This thinking has permeated western society since the time of the Great Depression of the 1930's. By using the failed economy as an excuse for government control, the Democrats provided the forerunner of our current "economic stimulus" legislation and budgeting, and set up the structure of today's nanny state. As with the "New Deal" of 80 years ago, today's stimulus packages are doomed to failure, by making the mistake of funding government nanny programs and preventing real economic growth through the private sector. Regulations are favored over incentives, and the redistribution of wealth through high taxation ensures that failed welfare programs are continued in perpetuity.

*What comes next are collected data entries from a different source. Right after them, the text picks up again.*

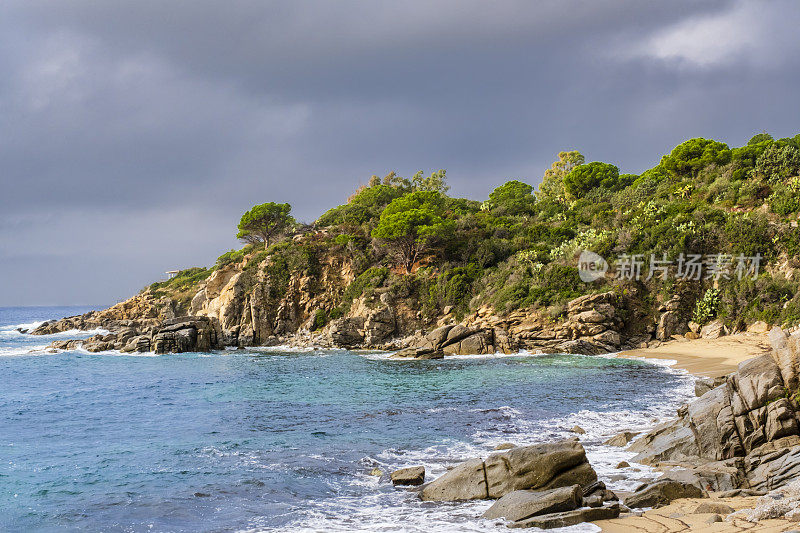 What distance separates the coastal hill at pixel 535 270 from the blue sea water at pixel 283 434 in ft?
28.5

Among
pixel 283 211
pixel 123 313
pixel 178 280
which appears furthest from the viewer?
pixel 178 280

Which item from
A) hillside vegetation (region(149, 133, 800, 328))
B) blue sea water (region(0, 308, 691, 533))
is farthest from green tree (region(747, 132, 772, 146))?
blue sea water (region(0, 308, 691, 533))

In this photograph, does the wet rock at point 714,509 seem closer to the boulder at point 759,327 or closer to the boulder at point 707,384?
the boulder at point 707,384

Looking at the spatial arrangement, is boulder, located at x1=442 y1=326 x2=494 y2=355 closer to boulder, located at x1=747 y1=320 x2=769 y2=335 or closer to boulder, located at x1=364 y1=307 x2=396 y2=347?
boulder, located at x1=364 y1=307 x2=396 y2=347

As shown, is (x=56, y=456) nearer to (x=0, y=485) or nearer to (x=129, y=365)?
(x=0, y=485)

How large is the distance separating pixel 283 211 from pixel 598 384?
54652 mm

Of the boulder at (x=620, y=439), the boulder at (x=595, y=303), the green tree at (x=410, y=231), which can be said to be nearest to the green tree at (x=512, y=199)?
the green tree at (x=410, y=231)

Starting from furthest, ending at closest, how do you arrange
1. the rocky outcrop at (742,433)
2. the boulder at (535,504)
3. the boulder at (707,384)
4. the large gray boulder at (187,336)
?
the large gray boulder at (187,336), the boulder at (707,384), the rocky outcrop at (742,433), the boulder at (535,504)

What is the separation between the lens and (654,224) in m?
46.3

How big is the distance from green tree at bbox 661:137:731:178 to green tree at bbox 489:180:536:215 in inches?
803

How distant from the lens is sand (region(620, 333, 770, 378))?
28.1 m

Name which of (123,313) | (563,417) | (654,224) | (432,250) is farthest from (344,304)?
(123,313)

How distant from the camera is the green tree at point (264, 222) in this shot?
229 ft

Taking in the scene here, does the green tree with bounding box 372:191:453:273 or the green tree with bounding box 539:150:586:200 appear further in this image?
the green tree with bounding box 539:150:586:200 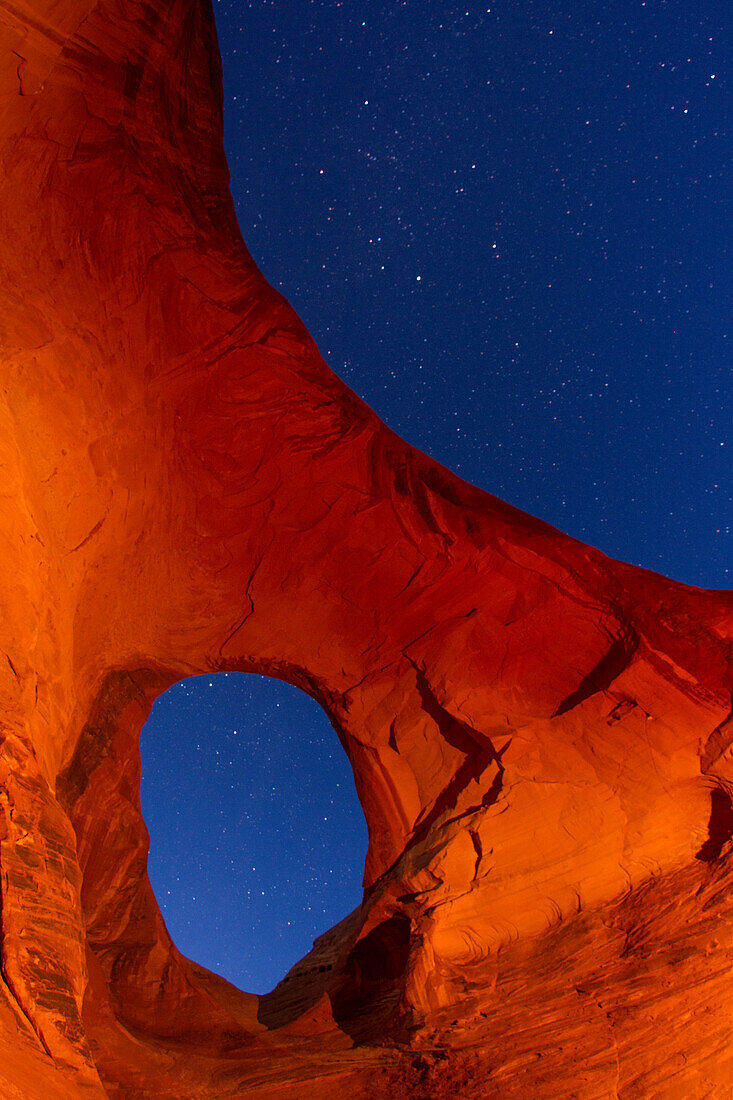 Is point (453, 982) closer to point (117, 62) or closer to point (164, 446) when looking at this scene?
point (164, 446)

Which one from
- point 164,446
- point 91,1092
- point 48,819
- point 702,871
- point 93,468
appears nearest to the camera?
point 91,1092

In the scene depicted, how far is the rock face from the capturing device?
191 inches

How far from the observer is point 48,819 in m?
3.87

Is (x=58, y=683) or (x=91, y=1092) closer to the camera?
(x=91, y=1092)

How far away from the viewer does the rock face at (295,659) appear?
485cm

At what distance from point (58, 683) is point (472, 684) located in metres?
3.78

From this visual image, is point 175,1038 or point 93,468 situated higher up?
point 93,468

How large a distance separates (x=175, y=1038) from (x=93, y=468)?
5.40 m

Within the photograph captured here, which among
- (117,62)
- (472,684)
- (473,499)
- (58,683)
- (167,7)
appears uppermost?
(167,7)

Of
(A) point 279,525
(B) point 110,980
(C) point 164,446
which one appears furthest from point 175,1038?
(C) point 164,446

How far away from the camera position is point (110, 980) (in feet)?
22.6

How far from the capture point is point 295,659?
7301 mm

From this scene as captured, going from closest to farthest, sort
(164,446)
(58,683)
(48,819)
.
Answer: (48,819) → (58,683) → (164,446)

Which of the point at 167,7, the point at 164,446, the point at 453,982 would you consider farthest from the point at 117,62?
the point at 453,982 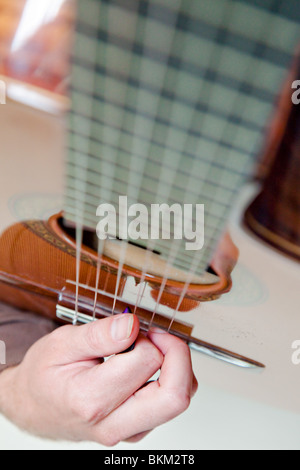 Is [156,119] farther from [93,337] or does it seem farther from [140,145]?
[93,337]

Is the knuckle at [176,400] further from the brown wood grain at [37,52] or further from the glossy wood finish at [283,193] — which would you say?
the brown wood grain at [37,52]

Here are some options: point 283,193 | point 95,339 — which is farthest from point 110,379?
point 283,193

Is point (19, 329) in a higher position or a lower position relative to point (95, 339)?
lower

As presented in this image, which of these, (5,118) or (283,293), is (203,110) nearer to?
(5,118)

By the 1960's, the "New Deal" of Roosevelt, designed to stabilize the economy, developed into the "Great Society" of Johnson, aimed at the removal of poverty. The unmet goals of the 1930's developed into a Utopian dream in the 1960's. The idea that taxpayer dollars could remove both poverty and crime has proven, half a century later, to be a whimsical dream which deteriorated into madness.

The brilliant Texas bastard who started the alleged "Great Society" also revised military strategy. Social idealism combined with Lyndon Johnson's criminal interest in the Asian drug market to shape strategy in the Viet Nam War; it is no coincidence in timing between the drug culture of the 1960's and the Viet Nam War. Johnson's failed efforts in Viet Nam gave birth to the "counterinsurgency" strategy currently being applied in Iraq and Afghanistan.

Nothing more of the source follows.